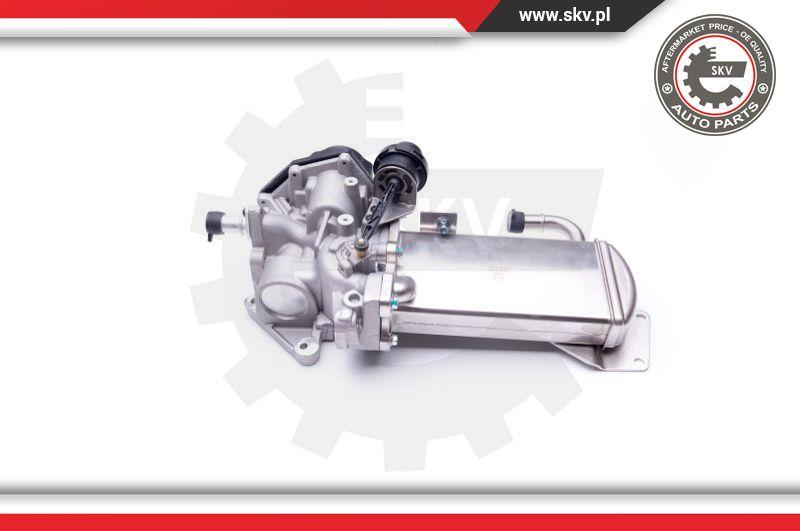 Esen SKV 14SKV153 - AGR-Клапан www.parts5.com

==

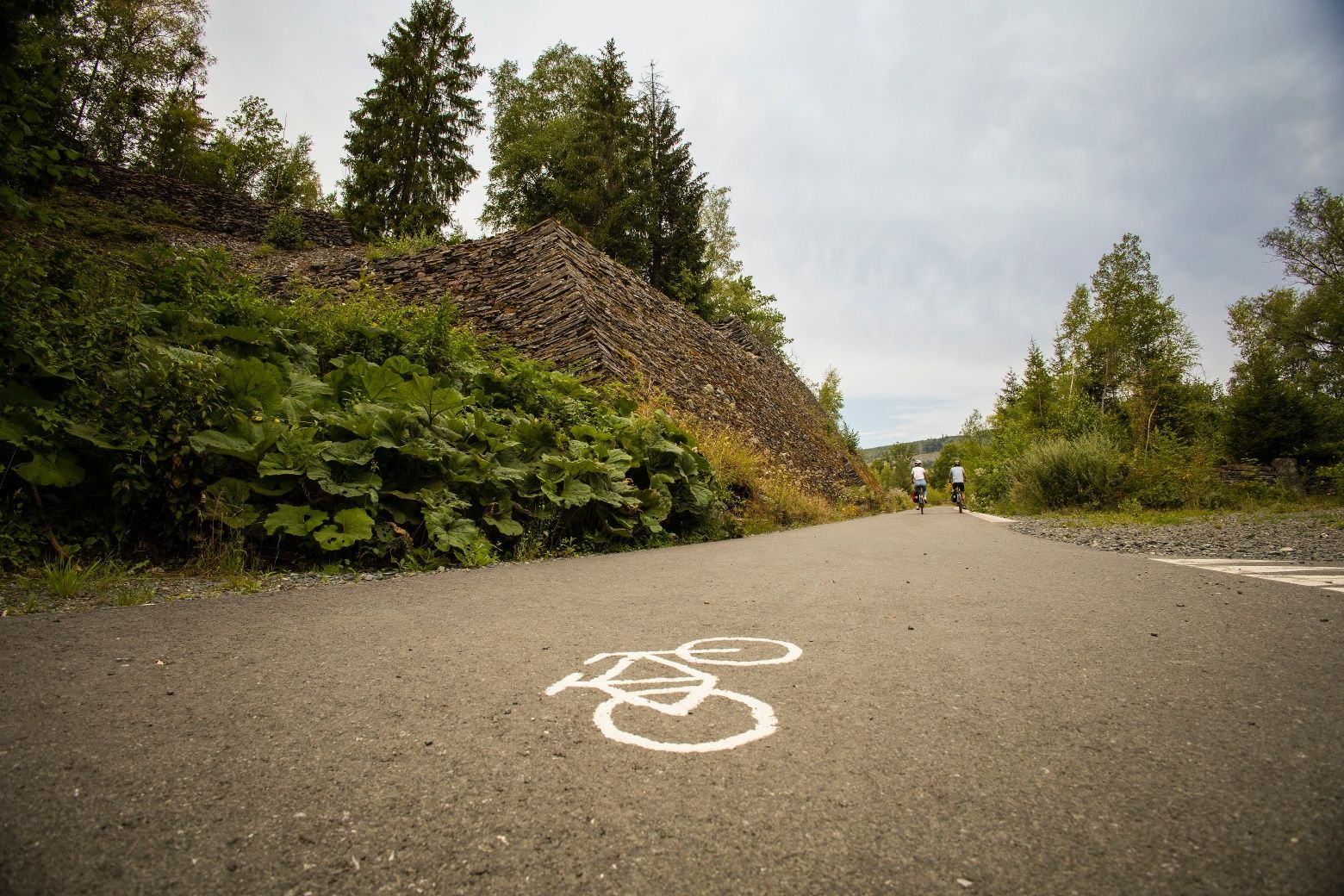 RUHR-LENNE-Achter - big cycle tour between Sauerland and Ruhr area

...

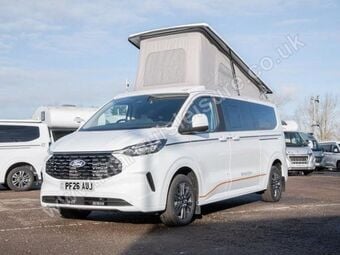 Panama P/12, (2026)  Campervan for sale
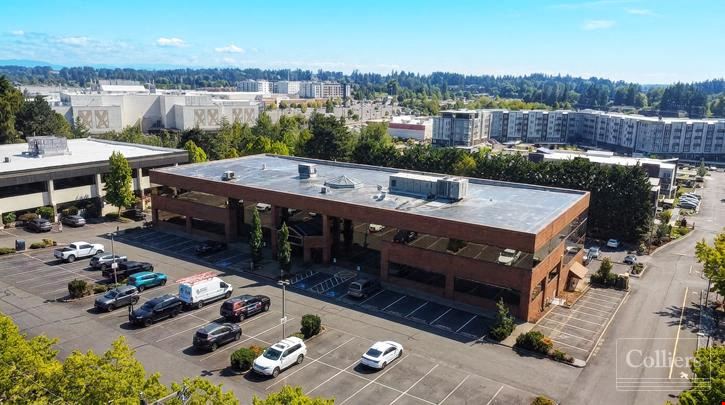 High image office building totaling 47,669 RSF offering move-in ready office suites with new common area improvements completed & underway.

__EXERCISE__
Look above for the line with "Panama P/12, (2026)" and the line with "High image office", then copy exactly the lines from the first through the second, both kept, with no pictures.

__EXERCISE ANSWER__
 Panama P/12, (2026)  Campervan for sale
 High image office building totaling 47,669 RSF offering move-in ready office suites with new common area improvements completed & underway.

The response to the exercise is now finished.